I will work in Sharjah and the official working hour is 08:30 A.M. to 18:30 P.M. Can anyone please advice road traffic I will face between Dubai-Sharjah-Dubai for the above working hour and home location?

I have also registered my girl on waiting list for JESS and Kings Dubai. Also considering Choueifat Dubai as an alternative for schooling. I know that this school is rated as good by KHDA and its graduates go to well known universities. But I would like to know if this school is also good for lower graders like my little girl. Appreciate if anyone can share their experiences.

From Qatar,
Merapi


----------



## Gavtek (Aug 23, 2009)

Jumeirah 1 would be a better location for commuting and just about every other reason too.

Traffic shouldn't be too bad in theory as most people live in Sharjah and work in Dubai so you'd be going against the traffic.


----------



## Merapi (Nov 24, 2010)

Gavtek said:


> Jumeirah 1 would be a better location for commuting and just about every other reason too.
> 
> Traffic shouldn't be too bad in theory as most people live in Sharjah and work in Dubai so you'd be going against the traffic.
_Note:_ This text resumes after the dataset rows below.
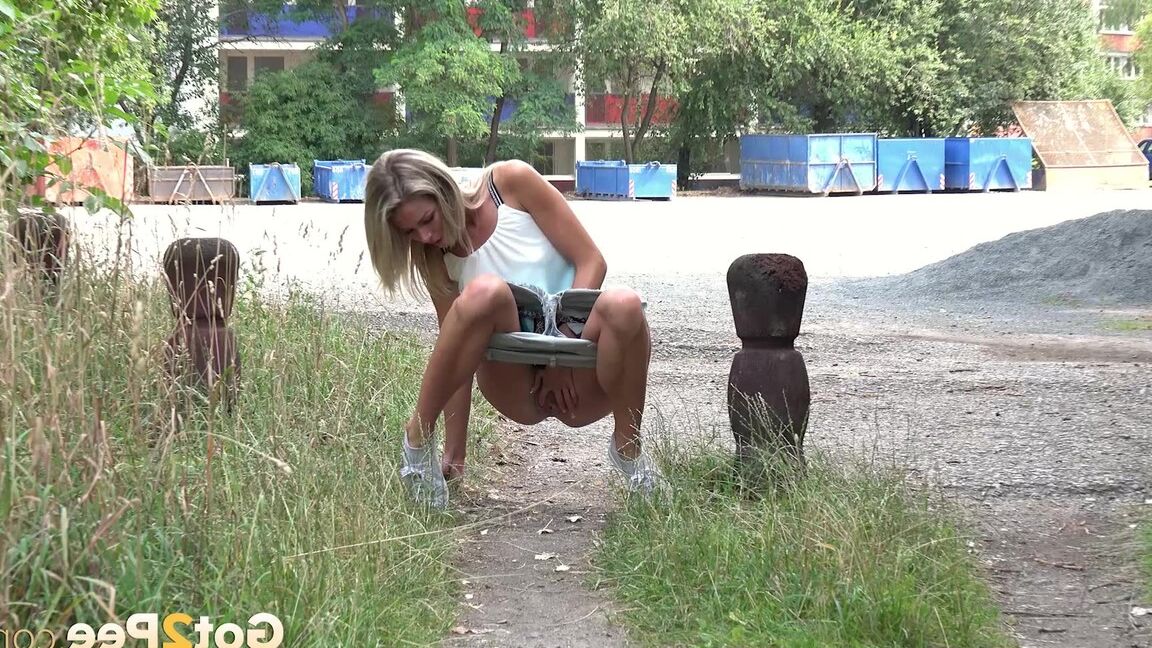 15P Gorgeous blonde Claudia Macc squats to pee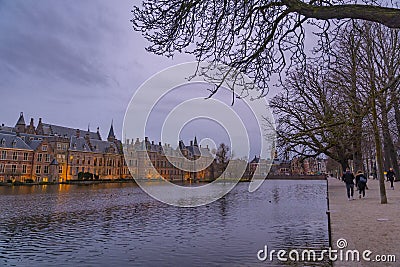 Binnenhof castle (Dutch Parliament) with the Hofvijver lake against a background of skyscrapers Editorial Stock Photo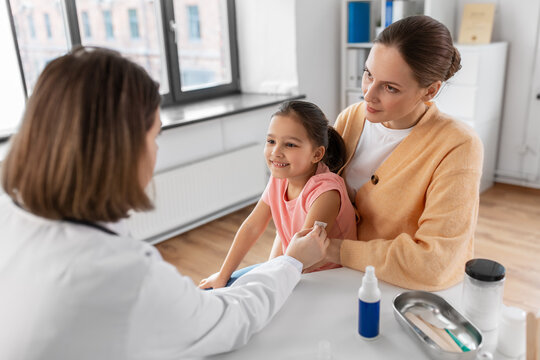 medicine, healthcare and pediatry concept - female doctor or pediatrician disinfecting arm skin of little girl patient with mother at clinic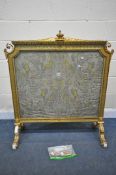 A 19TH CENTURY GILT FRAMED FIRE SCREEN, with crown on a cushion pediment, foliate scrolls,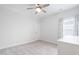 Bright bedroom with light walls, neutral carpet, ceiling fan and natural light from the window at 1008 Ashton Oak Ct, Durham, NC 27703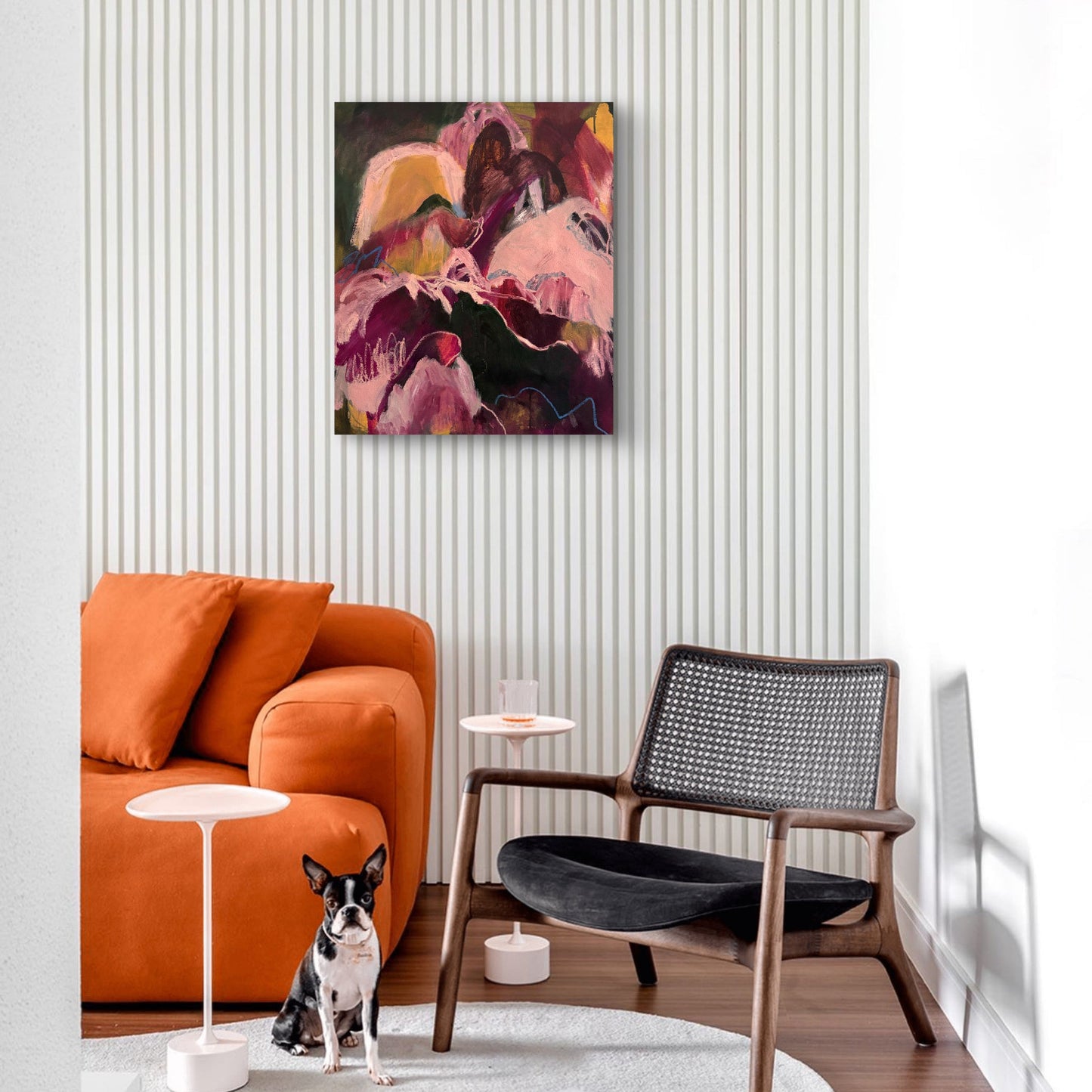 Modern living room with orange sofa, black chair, and abstract painting on white wall.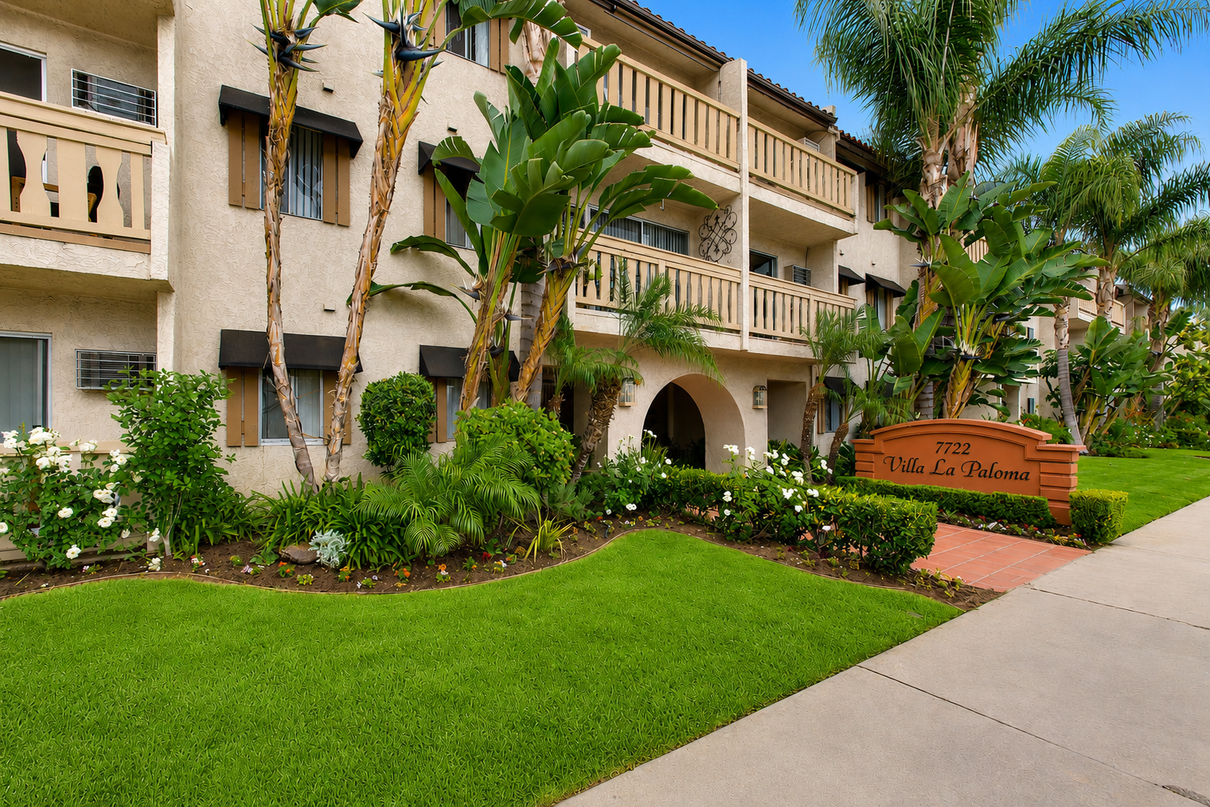 Sunlit apartment buildings with stairs, balconies, and desert landscaping at sunset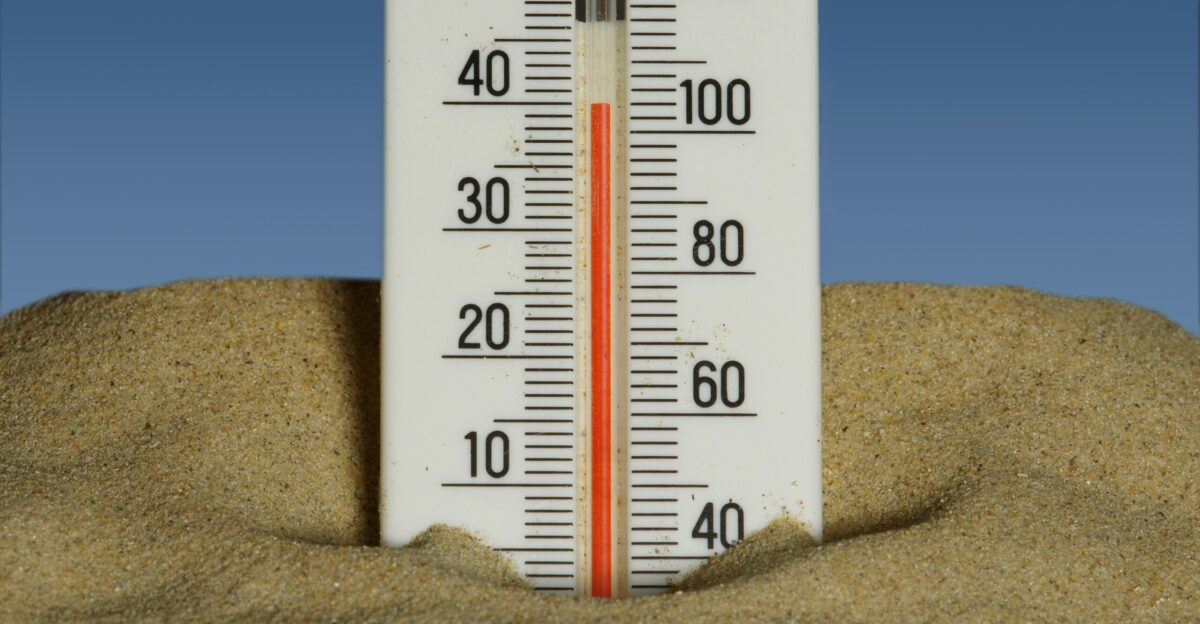 A thermometer in the sand with a blue sky in the background
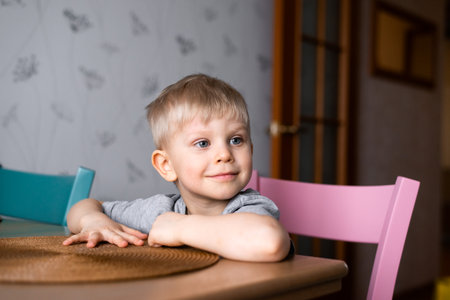 cute litlle boy sitting at the kitchen tableの写真素材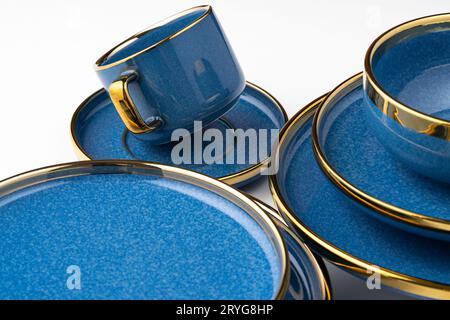 A set of blue ceramic plates and cup on a white background Stock Photo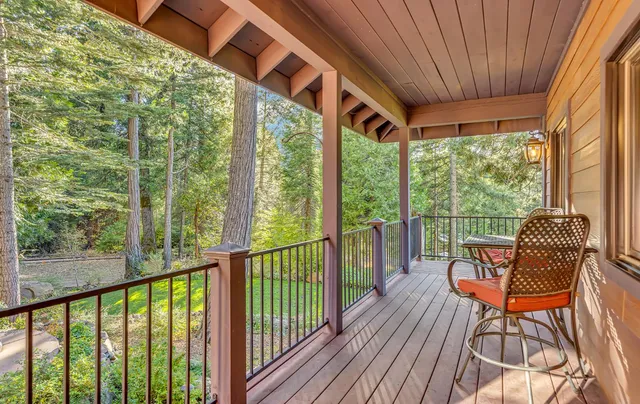 a view of a chair and table in the balcony
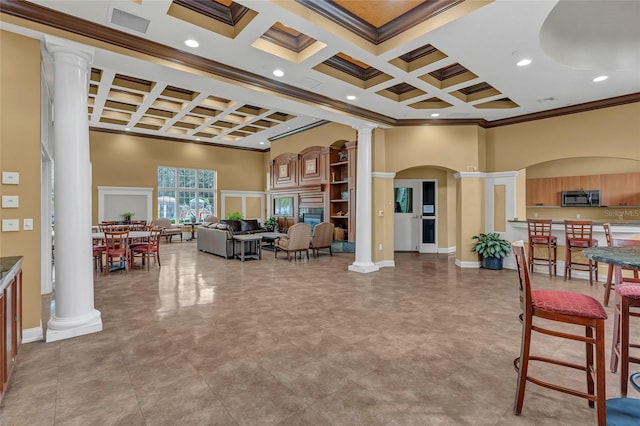 interior space featuring crown molding, a towering ceiling, coffered ceiling, and ornate columns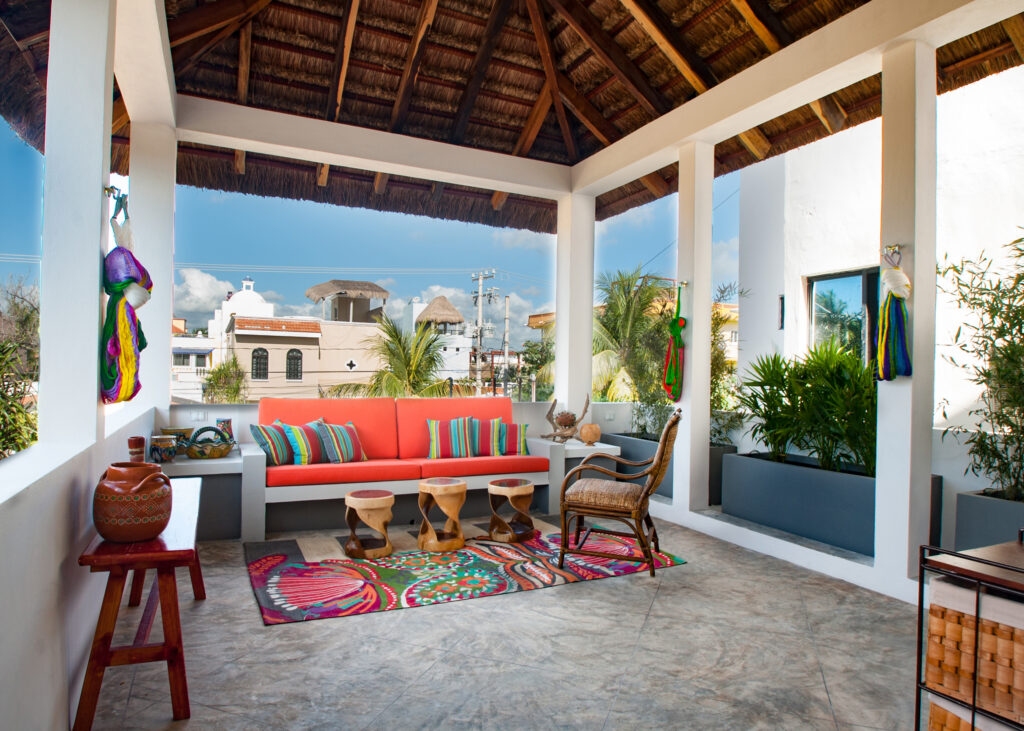 Orange-cushioned bench, wicker chairs, and colorful rug beneath a high thatched terrace roof.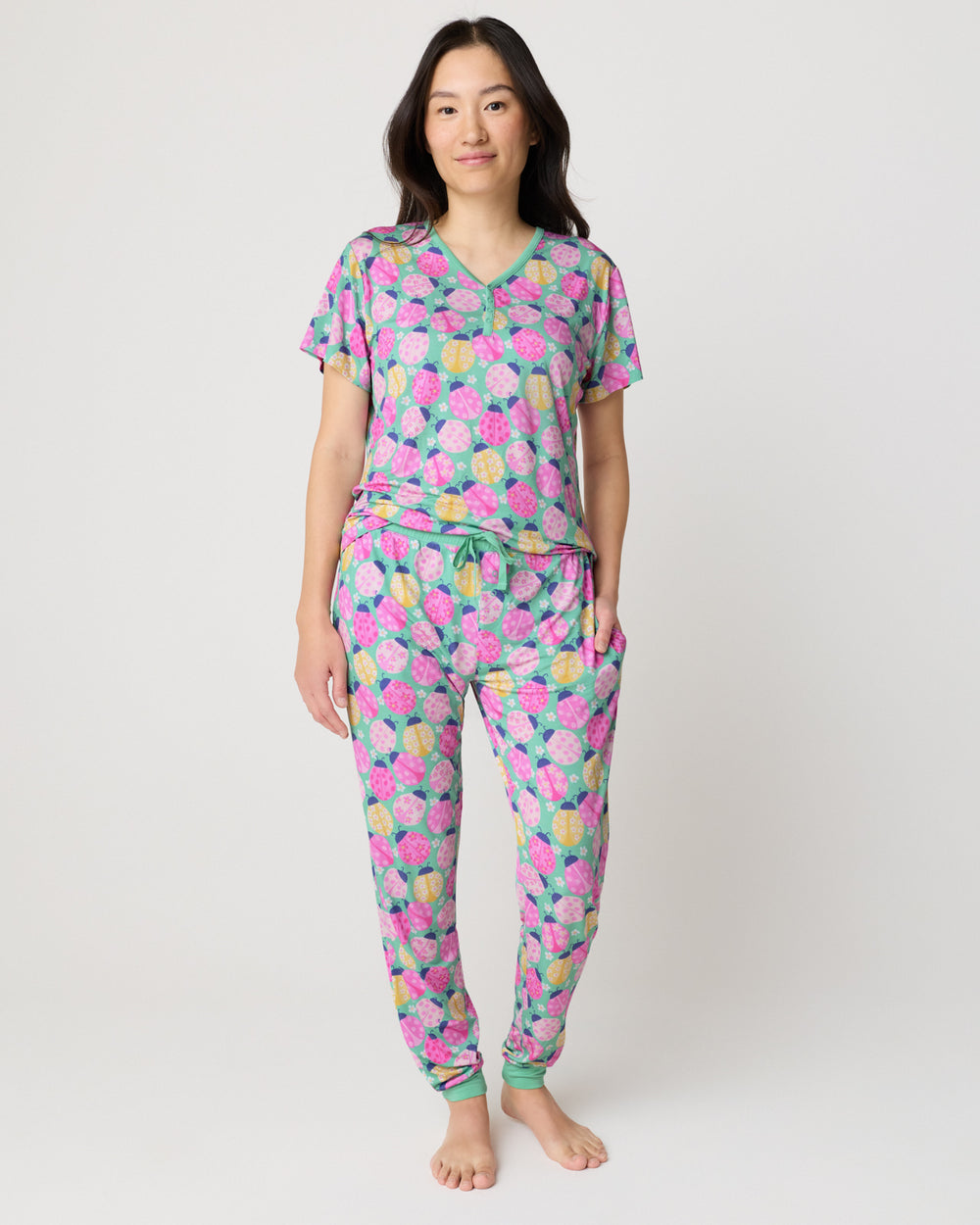 Woman wearing the Ladybug Meadow Women's Pajama Pants and Short Sleeve Top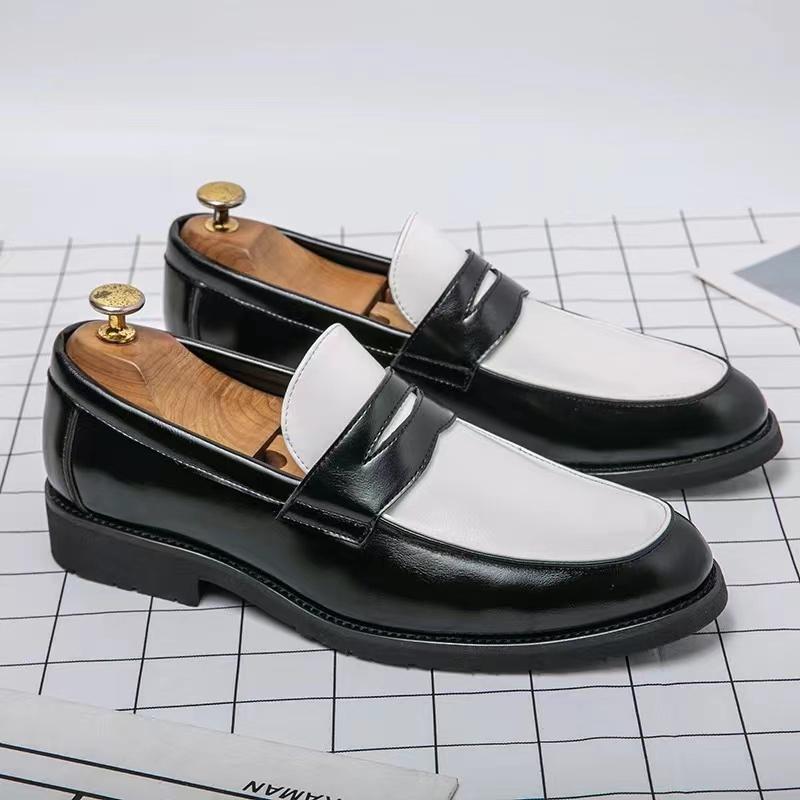 Black and white panelled British loafers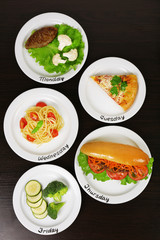 Daily menu. Plates with food on table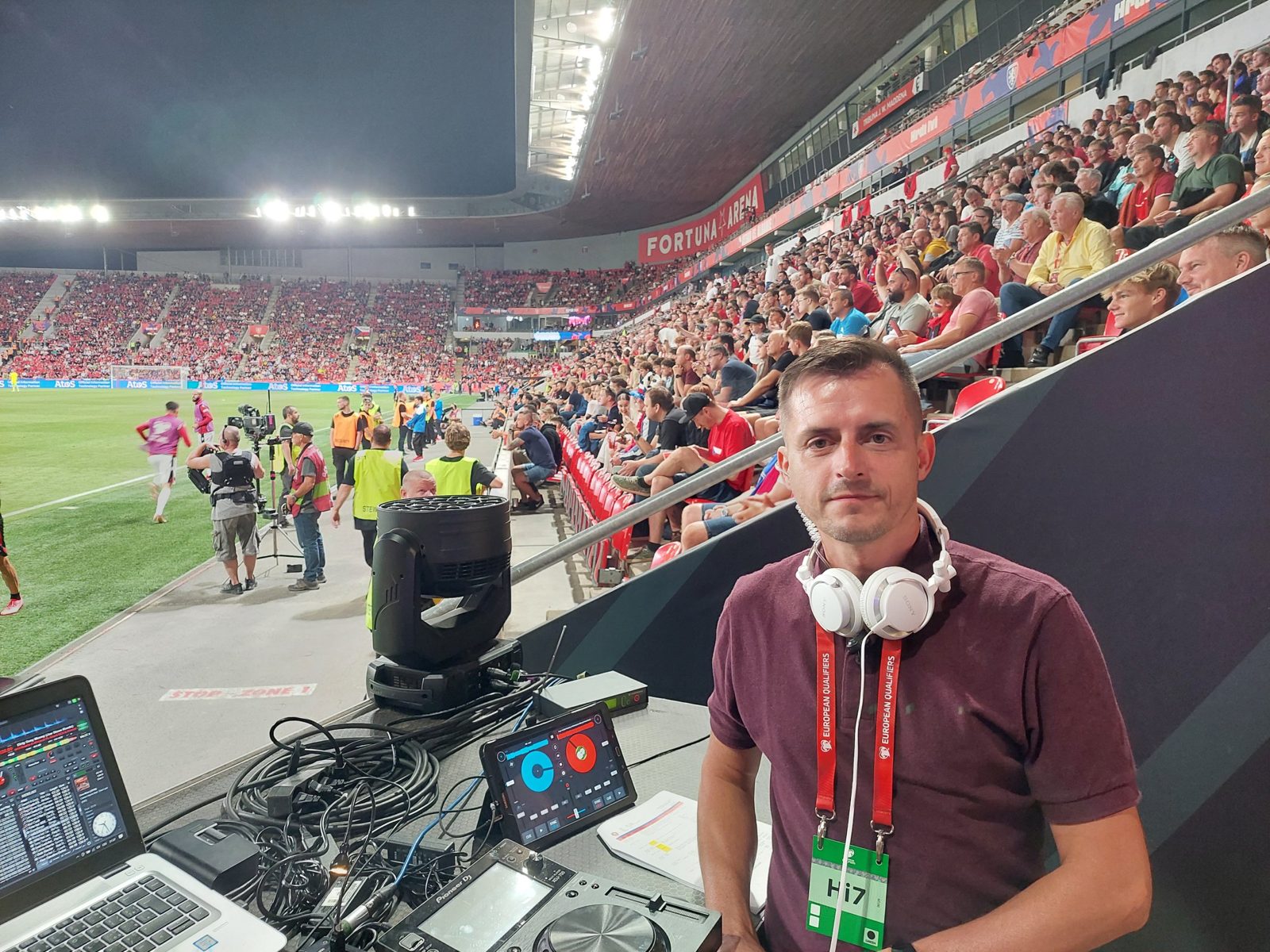 Jan Císař u DJ pultu na zápase reprezentace, za ním plná tribúna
Thanks Gavtek for responding to my questions. What about living in the springs and commuting to Sharjah. Distance wise it doesn't seem far but can you please advise how long it takes to drive to Sharjah in the morning with current traffic situation?

Regards,
Merapi


----------



## Rochelle (Sep 20, 2010)

Merapi I think you will need to suss that once you are here... 
I know that big cities leaving just ten or fifteen minutes earlier/later can add or deduct an hour off the drive.. depending on the roads you take, exact time you leave etc and even day of the week (I have yet to figure out why) it can make a huge difference


----------



## Bigjimbo (Oct 28, 2010)

Merapi said:


> Hi All,
> 
> I plan to move to Dubai with my family of 7 yo girl and 3 yo boy and have searched some alternatives for a 3BR villa around The Spring and Jumeirah 1.
> I will work in Sharjah and the official working hour is 08:30 A.M. to 18:30 P.M. Can anyone please advice road traffic I will face between Dubai-Sharjah-Dubai for the above working hour and home location?
> ...


Strongly advise you to consider Arabian Ranches, or perhaps Jumeirah Village Triangle. This would take 20-30 mins off your commute each way. Also try Falcon City or Mirdif. There are a lot of people who dismiss these areas but to be honest most of them haven't really seen them. They offer a good standard of living and are very accessible to Emirates rd. This will be key to commuting to Sharjah. The actual commute at the times you will be doing it is very easy, and depending where in Sharjah should take no more then 30 -40 mins. PM me if you need any advice.


----------



## Merapi (Nov 24, 2010)

Thanks all for the advices and will certainly make them as considerations.


----------